Woekeren - staat hier. Daar heb je materiaal voor nodig. En - is althans de mening van velen: het Limburgs heeft te weinig woorden om taal genoemd te mogen worden.
Dat argument wil ik serieus nemen, hoewel er geen grens is: boven de zoveel woorden pas spreek je van taal.
Hoezo? We begrijpen elkaar toch prima?
Zeker. We praten tegen een hond en die begrijpt ons, denken we, want hij blaft. Twintig woorden zijn daarvoor voldoende. ‘Me tarzan you Winnetou?’ Om over alledaagse zaken te praten hebben we een 800 woorden nodig.
En - ik heb het her en der in de provincie beweerd, ik heb het geschreven: met 3000 woorden uit het Mheers of het Neers kun je de Nobelprijs winnen. Dat aantal heb ik nog verlaagd tot 1800, er is de spot mee gedreven (Nobelprijs voor een dichter in het Neers, daar zou ik van dromen), allei, ik vind die bewering nog steeds juist: maar dan denk ik uitsluitend aan gedichten. Voor een roman heb je meer nodig. Edoch met 40.000 woorden kom je een heel eind.

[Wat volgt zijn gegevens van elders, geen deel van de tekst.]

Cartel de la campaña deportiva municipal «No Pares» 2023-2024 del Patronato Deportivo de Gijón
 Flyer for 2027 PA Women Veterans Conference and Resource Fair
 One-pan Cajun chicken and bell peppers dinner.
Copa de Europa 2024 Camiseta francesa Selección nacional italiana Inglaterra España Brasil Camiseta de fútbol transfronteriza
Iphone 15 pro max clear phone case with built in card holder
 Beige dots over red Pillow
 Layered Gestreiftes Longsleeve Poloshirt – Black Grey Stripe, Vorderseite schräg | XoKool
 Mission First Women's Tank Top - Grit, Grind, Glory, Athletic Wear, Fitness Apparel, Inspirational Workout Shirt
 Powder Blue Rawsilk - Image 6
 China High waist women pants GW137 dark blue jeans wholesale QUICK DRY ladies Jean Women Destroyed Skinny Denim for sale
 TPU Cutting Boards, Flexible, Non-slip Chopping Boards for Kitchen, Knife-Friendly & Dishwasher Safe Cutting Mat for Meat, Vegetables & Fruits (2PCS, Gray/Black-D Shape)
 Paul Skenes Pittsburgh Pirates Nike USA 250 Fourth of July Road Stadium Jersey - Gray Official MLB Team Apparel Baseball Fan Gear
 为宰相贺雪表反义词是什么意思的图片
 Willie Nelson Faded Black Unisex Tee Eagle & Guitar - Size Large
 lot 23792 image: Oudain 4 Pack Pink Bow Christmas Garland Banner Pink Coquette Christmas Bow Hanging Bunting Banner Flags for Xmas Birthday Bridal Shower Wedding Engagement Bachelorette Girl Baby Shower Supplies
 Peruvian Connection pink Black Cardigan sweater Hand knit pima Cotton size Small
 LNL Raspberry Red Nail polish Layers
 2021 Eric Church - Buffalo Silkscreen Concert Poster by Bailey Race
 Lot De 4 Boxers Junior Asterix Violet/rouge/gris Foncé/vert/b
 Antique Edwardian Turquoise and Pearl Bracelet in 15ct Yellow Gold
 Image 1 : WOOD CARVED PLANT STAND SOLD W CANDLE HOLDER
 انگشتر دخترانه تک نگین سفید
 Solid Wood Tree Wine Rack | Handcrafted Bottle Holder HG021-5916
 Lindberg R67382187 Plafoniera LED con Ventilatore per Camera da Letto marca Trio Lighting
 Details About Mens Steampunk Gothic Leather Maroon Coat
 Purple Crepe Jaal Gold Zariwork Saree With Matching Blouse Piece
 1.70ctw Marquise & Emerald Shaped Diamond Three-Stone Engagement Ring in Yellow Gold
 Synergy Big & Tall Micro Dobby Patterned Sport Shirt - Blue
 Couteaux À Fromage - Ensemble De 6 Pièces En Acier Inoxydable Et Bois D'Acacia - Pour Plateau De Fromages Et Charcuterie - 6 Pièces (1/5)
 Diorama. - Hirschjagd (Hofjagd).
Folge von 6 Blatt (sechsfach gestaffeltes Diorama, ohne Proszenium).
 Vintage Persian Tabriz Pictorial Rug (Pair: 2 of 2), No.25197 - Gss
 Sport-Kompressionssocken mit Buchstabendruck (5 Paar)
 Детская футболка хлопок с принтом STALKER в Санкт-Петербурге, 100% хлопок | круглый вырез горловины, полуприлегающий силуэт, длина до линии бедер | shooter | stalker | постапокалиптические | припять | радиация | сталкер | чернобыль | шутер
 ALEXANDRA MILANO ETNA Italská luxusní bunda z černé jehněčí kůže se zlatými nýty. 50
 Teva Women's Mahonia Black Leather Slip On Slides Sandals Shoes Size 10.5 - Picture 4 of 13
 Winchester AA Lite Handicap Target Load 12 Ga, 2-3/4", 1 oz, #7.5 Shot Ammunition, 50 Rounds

Heeft het Limburgs al zoveel niet alleen in klank verschillende woorden? Een vraag die je niet in een zucht en een vloek beantwoordt. Ik kan slechts wat kanttekeningen plaatsen.
Om te beginnen: ik denk dat het Limburgs genoeg woorden heeft om een taal genoemd te worden, tenminste als je de bruikbare woorden van alle dialecten bij elkaar neemt. Hier horen ook honderden woorden uit het Rotwelsch bij (de handelstaal van het Rijnland, we hebben het Sjabbe Remunjs al gezien), en vergeet de aparte leenwoorden uit de Romaanse talen (inclusief het Waals) ook niet.
Woorden die de taal van elke schrijver verrijken kunnen.
Zo heb ik het over de dreksbak, in Maastricht geleerd, en een krachtig woord, beter in elk geval dan de half Nederlandse voelnisbak. Het is in heel Limburg bruikbaar, ook al is drek hier en daar modder, of onkruid.